Yahoo Closes GeoCities Site

An article published recently in the Los Angeles Times reports that Yahoo, parent company of venerable website hosting giant GeoCities, is closing down the site that allowed people to create their own pages a decade ago. Then GeoCities sites created by users ranked well in search results and were a social networking hub of sorts for hundreds of thousands of users. Though rudimentary and generally unsophisticated, these pages allowed users to create fan sites, talk about their hobbies, share their political views and a myriad of other topics. They could create pages at no cost, take advantage of a modest amount of storage for images and documents and stake out their own little corner of the Internet when there weren’t many options to do so.
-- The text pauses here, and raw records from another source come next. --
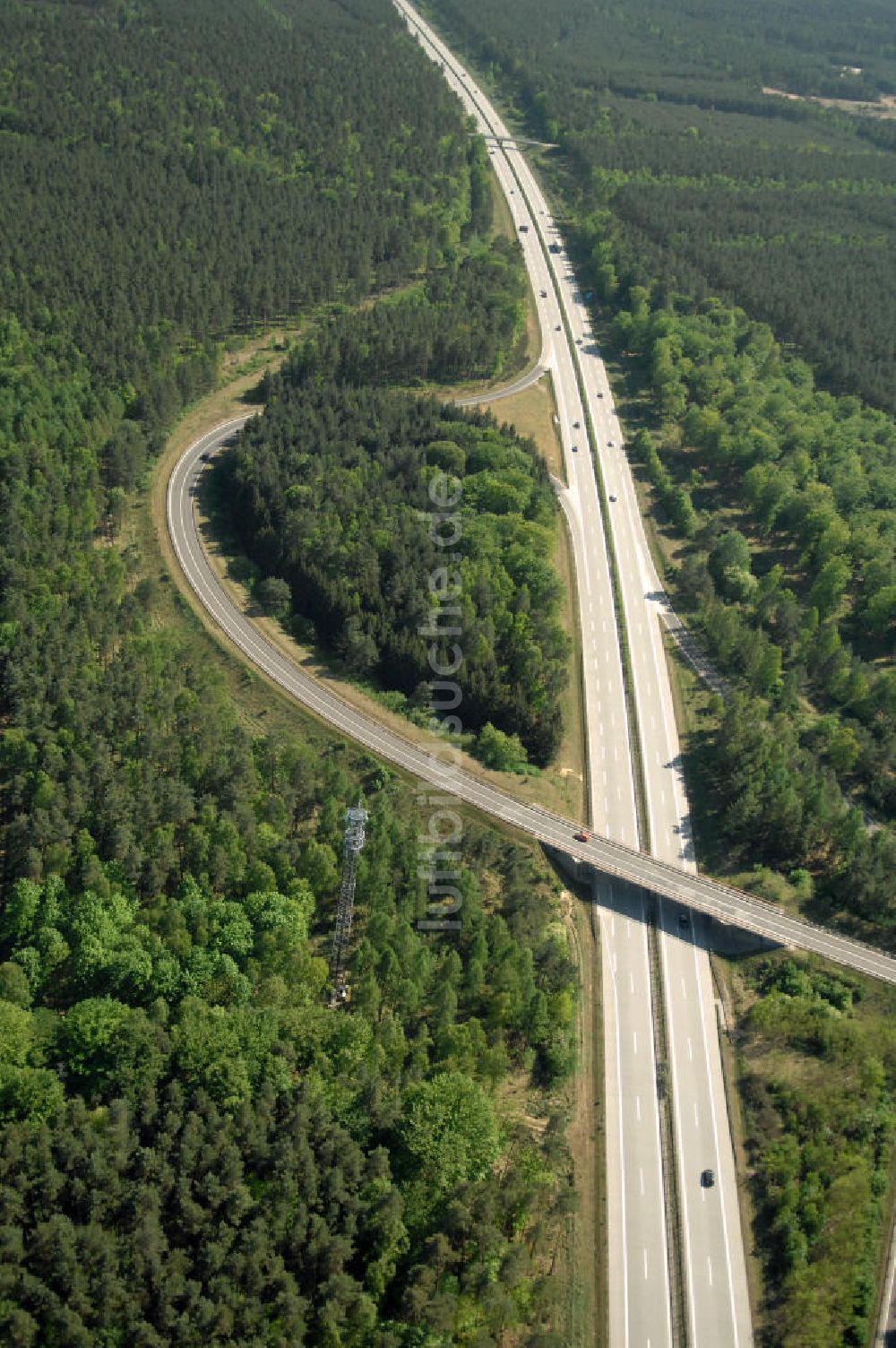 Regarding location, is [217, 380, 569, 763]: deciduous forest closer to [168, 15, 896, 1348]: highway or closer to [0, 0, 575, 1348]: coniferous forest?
[168, 15, 896, 1348]: highway

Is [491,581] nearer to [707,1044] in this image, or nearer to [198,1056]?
[707,1044]

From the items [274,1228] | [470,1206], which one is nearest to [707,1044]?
[470,1206]

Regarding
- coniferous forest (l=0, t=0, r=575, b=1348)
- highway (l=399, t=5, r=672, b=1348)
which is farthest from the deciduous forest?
coniferous forest (l=0, t=0, r=575, b=1348)

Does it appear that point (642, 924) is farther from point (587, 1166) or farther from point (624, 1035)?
point (587, 1166)

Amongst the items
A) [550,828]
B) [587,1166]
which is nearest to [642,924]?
[550,828]

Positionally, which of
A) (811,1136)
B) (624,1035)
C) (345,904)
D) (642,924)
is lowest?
(624,1035)

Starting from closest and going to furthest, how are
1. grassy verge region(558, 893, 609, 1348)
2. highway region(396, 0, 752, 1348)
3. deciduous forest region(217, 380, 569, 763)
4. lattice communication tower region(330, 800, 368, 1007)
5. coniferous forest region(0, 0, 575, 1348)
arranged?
1. coniferous forest region(0, 0, 575, 1348)
2. grassy verge region(558, 893, 609, 1348)
3. highway region(396, 0, 752, 1348)
4. lattice communication tower region(330, 800, 368, 1007)
5. deciduous forest region(217, 380, 569, 763)

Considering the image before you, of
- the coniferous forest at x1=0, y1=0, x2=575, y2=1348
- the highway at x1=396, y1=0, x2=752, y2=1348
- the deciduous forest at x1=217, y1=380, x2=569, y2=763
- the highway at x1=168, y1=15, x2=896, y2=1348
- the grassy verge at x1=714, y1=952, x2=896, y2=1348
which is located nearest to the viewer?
the coniferous forest at x1=0, y1=0, x2=575, y2=1348

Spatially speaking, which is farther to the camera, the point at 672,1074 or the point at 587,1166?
the point at 672,1074

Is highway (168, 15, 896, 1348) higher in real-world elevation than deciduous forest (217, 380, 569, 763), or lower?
lower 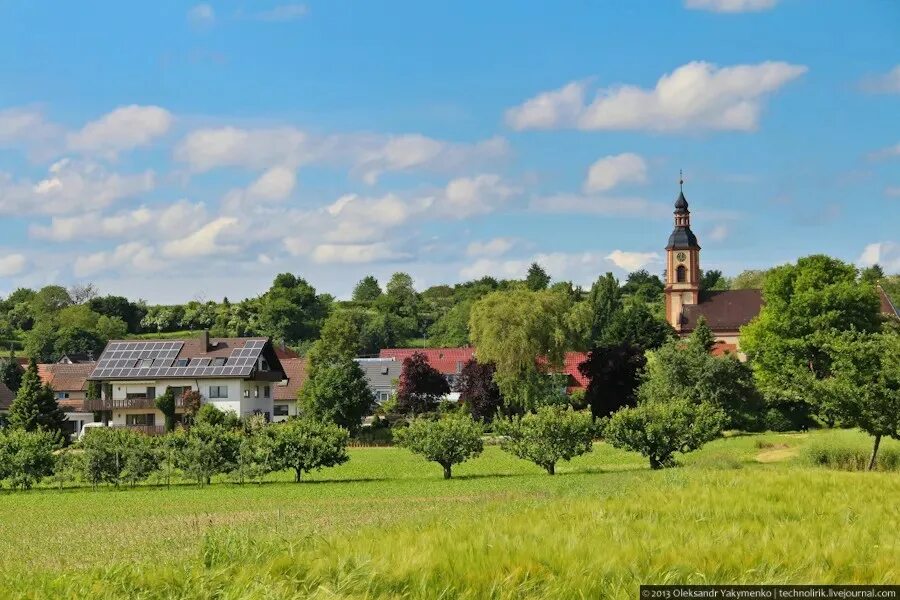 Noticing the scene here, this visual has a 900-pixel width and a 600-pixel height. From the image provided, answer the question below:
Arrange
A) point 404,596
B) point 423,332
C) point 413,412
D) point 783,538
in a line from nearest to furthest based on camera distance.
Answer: point 404,596, point 783,538, point 413,412, point 423,332

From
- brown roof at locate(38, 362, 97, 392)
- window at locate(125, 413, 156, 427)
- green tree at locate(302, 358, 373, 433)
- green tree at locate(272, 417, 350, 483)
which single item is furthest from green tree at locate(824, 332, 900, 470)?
brown roof at locate(38, 362, 97, 392)

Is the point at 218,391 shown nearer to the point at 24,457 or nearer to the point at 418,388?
the point at 418,388

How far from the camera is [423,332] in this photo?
163 metres

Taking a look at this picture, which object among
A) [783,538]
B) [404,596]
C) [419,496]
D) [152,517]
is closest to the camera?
[404,596]

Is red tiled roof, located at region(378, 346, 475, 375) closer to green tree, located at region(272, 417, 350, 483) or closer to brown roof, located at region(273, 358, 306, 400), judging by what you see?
brown roof, located at region(273, 358, 306, 400)

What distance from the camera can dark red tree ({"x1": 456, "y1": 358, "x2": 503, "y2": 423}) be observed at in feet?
231

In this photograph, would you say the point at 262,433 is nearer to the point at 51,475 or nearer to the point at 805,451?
the point at 51,475

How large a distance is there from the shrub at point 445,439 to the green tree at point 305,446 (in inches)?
99.4

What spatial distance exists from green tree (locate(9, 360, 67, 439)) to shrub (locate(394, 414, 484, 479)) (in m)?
35.8

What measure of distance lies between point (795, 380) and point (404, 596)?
31967mm

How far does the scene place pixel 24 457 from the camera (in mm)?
41156

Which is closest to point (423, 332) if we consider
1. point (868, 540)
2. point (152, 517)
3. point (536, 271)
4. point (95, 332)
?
point (536, 271)

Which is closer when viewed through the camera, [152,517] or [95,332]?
[152,517]

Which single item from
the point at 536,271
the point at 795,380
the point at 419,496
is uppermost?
the point at 536,271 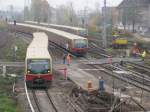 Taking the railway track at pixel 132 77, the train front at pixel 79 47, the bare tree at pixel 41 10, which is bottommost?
the railway track at pixel 132 77

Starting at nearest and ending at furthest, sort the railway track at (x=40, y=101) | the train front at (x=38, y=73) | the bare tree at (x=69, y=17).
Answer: the railway track at (x=40, y=101)
the train front at (x=38, y=73)
the bare tree at (x=69, y=17)

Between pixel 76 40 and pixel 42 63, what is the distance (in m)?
20.4

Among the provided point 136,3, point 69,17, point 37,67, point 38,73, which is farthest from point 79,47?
point 69,17

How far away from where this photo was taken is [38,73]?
29250 millimetres

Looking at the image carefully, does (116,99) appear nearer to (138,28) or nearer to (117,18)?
(138,28)

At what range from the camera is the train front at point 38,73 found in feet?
95.3

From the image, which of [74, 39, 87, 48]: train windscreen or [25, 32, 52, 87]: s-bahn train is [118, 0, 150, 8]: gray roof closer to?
[74, 39, 87, 48]: train windscreen

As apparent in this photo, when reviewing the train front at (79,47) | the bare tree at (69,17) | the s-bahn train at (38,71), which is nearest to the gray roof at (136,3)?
the bare tree at (69,17)

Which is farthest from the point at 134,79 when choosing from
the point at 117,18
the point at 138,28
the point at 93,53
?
the point at 117,18

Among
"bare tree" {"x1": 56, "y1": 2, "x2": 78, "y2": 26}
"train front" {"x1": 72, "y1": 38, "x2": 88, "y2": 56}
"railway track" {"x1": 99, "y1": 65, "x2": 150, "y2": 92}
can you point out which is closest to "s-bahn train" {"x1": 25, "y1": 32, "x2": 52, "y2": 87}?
"railway track" {"x1": 99, "y1": 65, "x2": 150, "y2": 92}

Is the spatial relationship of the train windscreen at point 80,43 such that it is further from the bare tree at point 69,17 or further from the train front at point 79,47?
the bare tree at point 69,17

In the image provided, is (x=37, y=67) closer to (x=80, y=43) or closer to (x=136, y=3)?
(x=80, y=43)

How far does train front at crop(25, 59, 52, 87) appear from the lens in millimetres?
29047

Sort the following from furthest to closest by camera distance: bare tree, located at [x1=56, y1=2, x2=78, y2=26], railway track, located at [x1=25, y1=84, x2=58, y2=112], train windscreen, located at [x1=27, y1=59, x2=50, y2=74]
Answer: bare tree, located at [x1=56, y1=2, x2=78, y2=26], train windscreen, located at [x1=27, y1=59, x2=50, y2=74], railway track, located at [x1=25, y1=84, x2=58, y2=112]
Yahoo was scheduled to pull the plug on the domain and millions of pages on October 25, 2009, and one of the most common domains in the young history of the Internet was expected to cease to exist except in fond memory. In early 2009, although GeoCities stopped accepting applications, current users were allowed to update their pages and save their sites to their hard drives. Compared to peak traffic and users in the late 90s, comparatively few users remained. Yahoo is urging those remaining to transfer their accounts and pages to Yahoo’s web hosting service for $5 a month.

According to web metrics tracking company, Alexa, the GeoCities network is still in the top 200 most-visited sites. The historical significance of the network as a ‘virtual museum’ has caused some people to wonder about Yahoo’s decision to close it down.

“Yahoo continuously evaluates and prioritizes our products and services in alignment with business goals and our continued commitment to deliver the best consumer and advertiser experiences,” according to a company spokeswoman.” GeoCities’ closing is “part of our ongoing effort to prioritize our portfolio of products and services in order to deliver the best products to consumers.”

GeoCities isn’t the only victim of Yahoo’s ongoing efforts to prioritize their portfolio. The company said that it had closed a GeoCities clone called Yahoo 360 and My Web in addition to almost twenty other services.